We won’t subject you to all 40 tweets, but here’s a taste:

Many people on Twitter seem to find this gag amusing, which is fine. Feel free to be amused. You’ll be happier that way. But I’m a cynical grouch, so I’m left with many questions. Was there any occasion for this remembrance of a TV show that went off the air 21 years ago? As far as I can tell, no. Do the Panthers have any connection to Will Smith, Fresh Prince or that song? Again, not that I know of. Was there any other special reason for these tweets? Only the fact that it’s the offseason and NFL social media managers must be bored as hell.

This is a joke without a punchline, a brand overwhelming your brain with nostalgia that has nothing to do with the product its actually selling. It’s like if Coca Cola aired a commercial full of orange cassette tapes, beanie babies and Aaron Carter and then told you to buy soda.

Imagine how much thought went into this. They must have planned their tweets days in advance. The were probably forced to adapt on the fly when something new came up that required tweeting. They had to forgo reasonable syntax and hope no one would complain.

I’ll admit that as I scrolled through the tweets to see how far back the gimmick went, I did begin to wonder how the Panthers would handle the word “Belair,” a proper noun with no connection to football. Well, turns out they basically cheated.

And the worst part is, for all that effort they only got through the little intro. They didn’t even make it to the iconic, “In West Philadlephia born and raised” part. The short version of the song contains 192 words.
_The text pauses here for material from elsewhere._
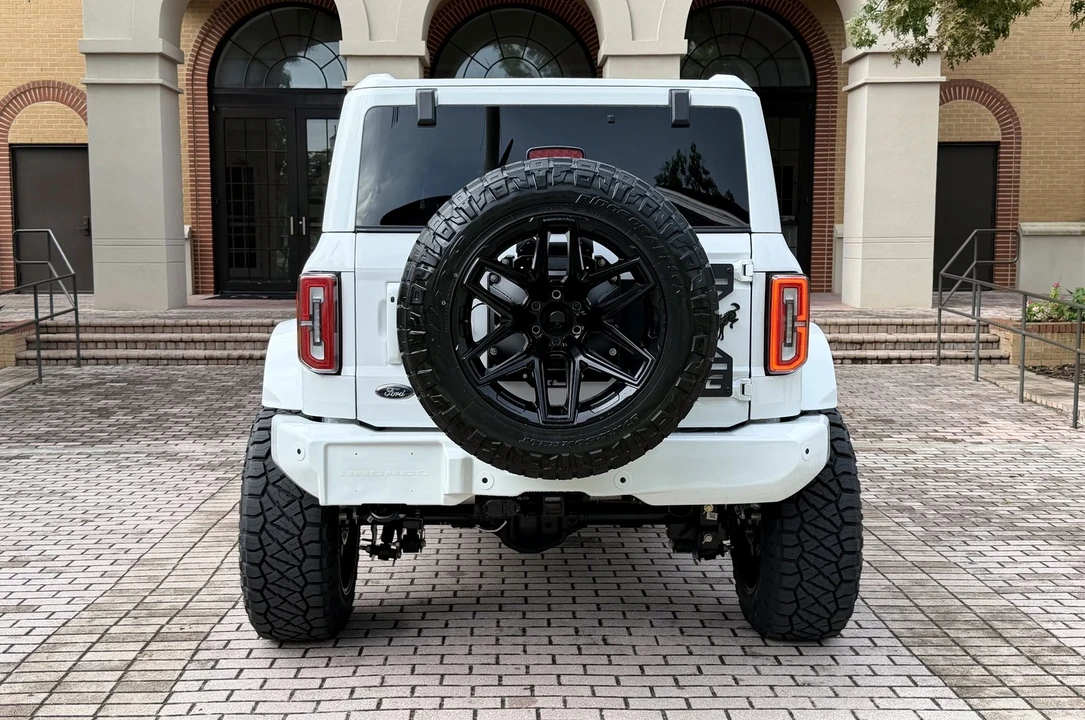 2025 Ford Bronco 6th Gen - Image 7 of 21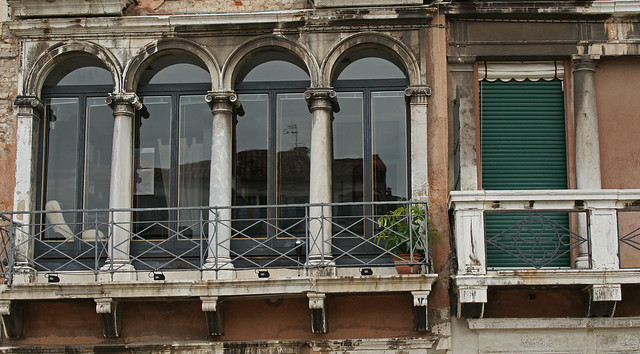 Venise. Quatre belles fenêtres et le parent pauvre.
The Panthers made it through 39 of them.

Of course, for all my cranky complaints, the Panthers got more than 6,300 retweets in the first hour after posting their tweet and are now over 44,000. So yeah, mission accomplished, I guess.

About Alex Putterman

Alex is a writer and editor for The Comeback and Awful Announcing. He has written for The Atlantic, VICE Sports,, and more. He is a proud alum of Northwestern University and The Daily Northwestern. You can find him on Twitter @AlexPutterman.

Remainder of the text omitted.